▸ **Directions**
Please print every record below exactly as it appears.

= Beginning of Section =

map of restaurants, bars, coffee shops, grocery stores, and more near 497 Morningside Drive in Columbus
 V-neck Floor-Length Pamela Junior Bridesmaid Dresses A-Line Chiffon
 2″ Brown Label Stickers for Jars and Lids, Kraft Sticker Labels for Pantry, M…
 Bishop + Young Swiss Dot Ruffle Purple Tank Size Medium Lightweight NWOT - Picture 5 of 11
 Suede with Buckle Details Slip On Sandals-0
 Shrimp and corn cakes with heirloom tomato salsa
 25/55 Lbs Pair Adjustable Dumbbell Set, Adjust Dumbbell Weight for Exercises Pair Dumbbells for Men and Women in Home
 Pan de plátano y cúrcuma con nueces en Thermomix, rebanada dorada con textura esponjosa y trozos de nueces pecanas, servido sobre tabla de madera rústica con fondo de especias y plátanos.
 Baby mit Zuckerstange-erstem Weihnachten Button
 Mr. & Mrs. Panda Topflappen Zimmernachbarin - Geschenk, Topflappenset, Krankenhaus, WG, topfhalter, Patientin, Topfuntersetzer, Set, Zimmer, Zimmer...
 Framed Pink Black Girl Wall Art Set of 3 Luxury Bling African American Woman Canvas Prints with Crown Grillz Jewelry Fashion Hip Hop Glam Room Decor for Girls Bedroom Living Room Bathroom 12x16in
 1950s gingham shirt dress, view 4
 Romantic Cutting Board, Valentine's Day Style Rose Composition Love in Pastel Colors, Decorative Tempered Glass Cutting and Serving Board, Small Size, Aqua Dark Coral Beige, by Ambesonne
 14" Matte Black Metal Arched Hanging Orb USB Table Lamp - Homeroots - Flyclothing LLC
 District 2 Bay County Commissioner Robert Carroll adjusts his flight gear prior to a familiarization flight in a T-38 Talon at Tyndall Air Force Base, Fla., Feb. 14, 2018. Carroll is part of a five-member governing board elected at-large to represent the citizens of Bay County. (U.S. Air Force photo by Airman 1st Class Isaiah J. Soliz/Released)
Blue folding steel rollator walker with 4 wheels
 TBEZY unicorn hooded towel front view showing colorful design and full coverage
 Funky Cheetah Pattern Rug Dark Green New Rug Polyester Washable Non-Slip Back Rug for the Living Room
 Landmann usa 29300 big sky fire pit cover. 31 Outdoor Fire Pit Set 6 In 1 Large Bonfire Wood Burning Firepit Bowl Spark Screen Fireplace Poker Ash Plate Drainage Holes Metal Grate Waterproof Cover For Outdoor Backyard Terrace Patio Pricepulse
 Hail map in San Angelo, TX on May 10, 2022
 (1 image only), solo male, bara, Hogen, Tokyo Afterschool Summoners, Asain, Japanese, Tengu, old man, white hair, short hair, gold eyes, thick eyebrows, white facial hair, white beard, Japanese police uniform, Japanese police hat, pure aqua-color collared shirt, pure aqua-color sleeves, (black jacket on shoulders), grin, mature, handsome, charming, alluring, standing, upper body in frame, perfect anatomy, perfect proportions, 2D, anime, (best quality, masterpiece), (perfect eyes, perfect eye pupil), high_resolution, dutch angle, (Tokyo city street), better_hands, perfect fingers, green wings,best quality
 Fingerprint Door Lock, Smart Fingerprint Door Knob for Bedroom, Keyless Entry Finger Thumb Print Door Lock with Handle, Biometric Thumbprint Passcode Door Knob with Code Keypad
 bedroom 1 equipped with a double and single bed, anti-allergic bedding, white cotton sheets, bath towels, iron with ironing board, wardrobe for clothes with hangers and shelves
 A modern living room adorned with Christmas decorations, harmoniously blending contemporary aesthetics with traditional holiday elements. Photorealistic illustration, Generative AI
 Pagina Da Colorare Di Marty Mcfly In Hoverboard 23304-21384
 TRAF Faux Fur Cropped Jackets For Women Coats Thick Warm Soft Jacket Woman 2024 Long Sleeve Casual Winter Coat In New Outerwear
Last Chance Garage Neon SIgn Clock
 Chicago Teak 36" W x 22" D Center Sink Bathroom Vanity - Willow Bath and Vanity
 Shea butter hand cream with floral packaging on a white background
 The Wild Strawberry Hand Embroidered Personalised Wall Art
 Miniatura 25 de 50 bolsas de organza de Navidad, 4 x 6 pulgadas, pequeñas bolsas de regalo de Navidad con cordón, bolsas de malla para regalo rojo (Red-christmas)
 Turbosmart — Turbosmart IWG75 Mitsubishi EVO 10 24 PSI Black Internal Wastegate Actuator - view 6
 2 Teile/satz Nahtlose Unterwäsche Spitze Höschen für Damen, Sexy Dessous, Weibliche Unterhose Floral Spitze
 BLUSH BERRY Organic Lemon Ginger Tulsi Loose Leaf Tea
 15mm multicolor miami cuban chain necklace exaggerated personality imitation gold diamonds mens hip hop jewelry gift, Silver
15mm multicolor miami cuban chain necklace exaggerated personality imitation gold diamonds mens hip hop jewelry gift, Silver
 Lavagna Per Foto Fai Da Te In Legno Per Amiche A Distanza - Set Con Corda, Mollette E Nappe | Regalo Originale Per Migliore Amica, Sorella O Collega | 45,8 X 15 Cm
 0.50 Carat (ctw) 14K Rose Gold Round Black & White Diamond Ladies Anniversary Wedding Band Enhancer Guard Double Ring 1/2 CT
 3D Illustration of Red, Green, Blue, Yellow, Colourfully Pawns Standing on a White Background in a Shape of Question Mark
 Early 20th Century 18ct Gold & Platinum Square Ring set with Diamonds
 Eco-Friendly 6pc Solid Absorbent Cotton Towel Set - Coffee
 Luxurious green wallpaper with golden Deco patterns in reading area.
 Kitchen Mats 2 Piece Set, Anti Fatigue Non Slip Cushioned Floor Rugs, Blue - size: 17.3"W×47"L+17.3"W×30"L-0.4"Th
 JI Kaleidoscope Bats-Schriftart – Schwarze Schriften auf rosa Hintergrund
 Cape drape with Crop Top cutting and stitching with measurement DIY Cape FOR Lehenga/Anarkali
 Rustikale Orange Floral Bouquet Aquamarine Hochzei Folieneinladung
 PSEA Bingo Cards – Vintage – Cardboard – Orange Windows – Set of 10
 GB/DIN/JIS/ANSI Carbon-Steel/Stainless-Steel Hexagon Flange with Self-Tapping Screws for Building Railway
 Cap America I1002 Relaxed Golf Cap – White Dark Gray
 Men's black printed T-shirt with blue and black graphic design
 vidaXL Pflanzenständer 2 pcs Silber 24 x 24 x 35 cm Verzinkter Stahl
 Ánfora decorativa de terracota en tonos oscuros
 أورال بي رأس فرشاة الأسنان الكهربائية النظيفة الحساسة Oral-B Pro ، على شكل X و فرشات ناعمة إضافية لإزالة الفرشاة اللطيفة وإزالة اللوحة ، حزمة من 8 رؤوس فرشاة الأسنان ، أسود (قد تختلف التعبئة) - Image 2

= End of Section =

▸ **Answer below**
map of restaurants, bars, coffee shops, grocery stores, and more near 497 Morningside Drive in Columbus
 V-neck Floor-Length Pamela Junior Bridesmaid Dresses A-Line Chiffon
 2″ Brown Label Stickers for Jars and Lids, Kraft Sticker Labels for Pantry, M…
 Bishop + Young Swiss Dot Ruffle Purple Tank Size Medium Lightweight NWOT - Picture 5 of 11
 Suede with Buckle Details Slip On Sandals-0
 Shrimp and corn cakes with heirloom tomato salsa
 25/55 Lbs Pair Adjustable Dumbbell Set, Adjust Dumbbell Weight for Exercises Pair Dumbbells for Men and Women in Home
 Pan de plátano y cúrcuma con nueces en Thermomix, rebanada dorada con textura esponjosa y trozos de nueces pecanas, servido sobre tabla de madera rústica con fondo de especias y plátanos.
 Baby mit Zuckerstange-erstem Weihnachten Button
 Mr. & Mrs. Panda Topflappen Zimmernachbarin - Geschenk, Topflappenset, Krankenhaus, WG, topfhalter, Patientin, Topfuntersetzer, Set, Zimmer, Zimmer...
 Framed Pink Black Girl Wall Art Set of 3 Luxury Bling African American Woman Canvas Prints with Crown Grillz Jewelry Fashion Hip Hop Glam Room Decor for Girls Bedroom Living Room Bathroom 12x16in
 1950s gingham shirt dress, view 4
 Romantic Cutting Board, Valentine's Day Style Rose Composition Love in Pastel Colors, Decorative Tempered Glass Cutting and Serving Board, Small Size, Aqua Dark Coral Beige, by Ambesonne
 14" Matte Black Metal Arched Hanging Orb USB Table Lamp - Homeroots - Flyclothing LLC
 District 2 Bay County Commissioner Robert Carroll adjusts his flight gear prior to a familiarization flight in a T-38 Talon at Tyndall Air Force Base, Fla., Feb. 14, 2018. Carroll is part of a five-member governing board elected at-large to represent the citizens of Bay County. (U.S. Air Force photo by Airman 1st Class Isaiah J. Soliz/Released)
Blue folding steel rollator walker with 4 wheels
 TBEZY unicorn hooded towel front view showing colorful design and full coverage
 Funky Cheetah Pattern Rug Dark Green New Rug Polyester Washable Non-Slip Back Rug for the Living Room
 Landmann usa 29300 big sky fire pit cover. 31 Outdoor Fire Pit Set 6 In 1 Large Bonfire Wood Burning Firepit Bowl Spark Screen Fireplace Poker Ash Plate Drainage Holes Metal Grate Waterproof Cover For Outdoor Backyard Terrace Patio Pricepulse
 Hail map in San Angelo, TX on May 10, 2022
 (1 image only), solo male, bara, Hogen, Tokyo Afterschool Summoners, Asain, Japanese, Tengu, old man, white hair, short hair, gold eyes, thick eyebrows, white facial hair, white beard, Japanese police uniform, Japanese police hat, pure aqua-color collared shirt, pure aqua-color sleeves, (black jacket on shoulders), grin, mature, handsome, charming, alluring, standing, upper body in frame, perfect anatomy, perfect proportions, 2D, anime, (best quality, masterpiece), (perfect eyes, perfect eye pupil), high_resolution, dutch angle, (Tokyo city street), better_hands, perfect fingers, green wings,best quality
 Fingerprint Door Lock, Smart Fingerprint Door Knob for Bedroom, Keyless Entry Finger Thumb Print Door Lock with Handle, Biometric Thumbprint Passcode Door Knob with Code Keypad
 bedroom 1 equipped with a double and single bed, anti-allergic bedding, white cotton sheets, bath towels, iron with ironing board, wardrobe for clothes with hangers and shelves
 A modern living room adorned with Christmas decorations, harmoniously blending contemporary aesthetics with traditional holiday elements. Photorealistic illustration, Generative AI
 Pagina Da Colorare Di Marty Mcfly In Hoverboard 23304-21384
 TRAF Faux Fur Cropped Jackets For Women Coats Thick Warm Soft Jacket Woman 2024 Long Sleeve Casual Winter Coat In New Outerwear
Last Chance Garage Neon SIgn Clock
 Chicago Teak 36" W x 22" D Center Sink Bathroom Vanity - Willow Bath and Vanity
 Shea butter hand cream with floral packaging on a white background
 The Wild Strawberry Hand Embroidered Personalised Wall Art
 Miniatura 25 de 50 bolsas de organza de Navidad, 4 x 6 pulgadas, pequeñas bolsas de regalo de Navidad con cordón, bolsas de malla para regalo rojo (Red-christmas)
 Turbosmart — Turbosmart IWG75 Mitsubishi EVO 10 24 PSI Black Internal Wastegate Actuator - view 6
 2 Teile/satz Nahtlose Unterwäsche Spitze Höschen für Damen, Sexy Dessous, Weibliche Unterhose Floral Spitze
 BLUSH BERRY Organic Lemon Ginger Tulsi Loose Leaf Tea
 15mm multicolor miami cuban chain necklace exaggerated personality imitation gold diamonds mens hip hop jewelry gift, Silver
15mm multicolor miami cuban chain necklace exaggerated personality imitation gold diamonds mens hip hop jewelry gift, Silver
 Lavagna Per Foto Fai Da Te In Legno Per Amiche A Distanza - Set Con Corda, Mollette E Nappe | Regalo Originale Per Migliore Amica, Sorella O Collega | 45,8 X 15 Cm
 0.50 Carat (ctw) 14K Rose Gold Round Black & White Diamond Ladies Anniversary Wedding Band Enhancer Guard Double Ring 1/2 CT
 3D Illustration of Red, Green, Blue, Yellow, Colourfully Pawns Standing on a White Background in a Shape of Question Mark
 Early 20th Century 18ct Gold & Platinum Square Ring set with Diamonds
 Eco-Friendly 6pc Solid Absorbent Cotton Towel Set - Coffee
 Luxurious green wallpaper with golden Deco patterns in reading area.
 Kitchen Mats 2 Piece Set, Anti Fatigue Non Slip Cushioned Floor Rugs, Blue - size: 17.3"W×47"L+17.3"W×30"L-0.4"Th
 JI Kaleidoscope Bats-Schriftart – Schwarze Schriften auf rosa Hintergrund
 Cape drape with Crop Top cutting and stitching with measurement DIY Cape FOR Lehenga/Anarkali
 Rustikale Orange Floral Bouquet Aquamarine Hochzei Folieneinladung
 PSEA Bingo Cards – Vintage – Cardboard – Orange Windows – Set of 10
 GB/DIN/JIS/ANSI Carbon-Steel/Stainless-Steel Hexagon Flange with Self-Tapping Screws for Building Railway
 Cap America I1002 Relaxed Golf Cap – White Dark Gray
 Men's black printed T-shirt with blue and black graphic design
 vidaXL Pflanzenständer 2 pcs Silber 24 x 24 x 35 cm Verzinkter Stahl
 Ánfora decorativa de terracota en tonos oscuros
 أورال بي رأس فرشاة الأسنان الكهربائية النظيفة الحساسة Oral-B Pro ، على شكل X و فرشات ناعمة إضافية لإزالة الفرشاة اللطيفة وإزالة اللوحة ، حزمة من 8 رؤوس فرشاة الأسنان ، أسود (قد تختلف التعبئة) - Image 2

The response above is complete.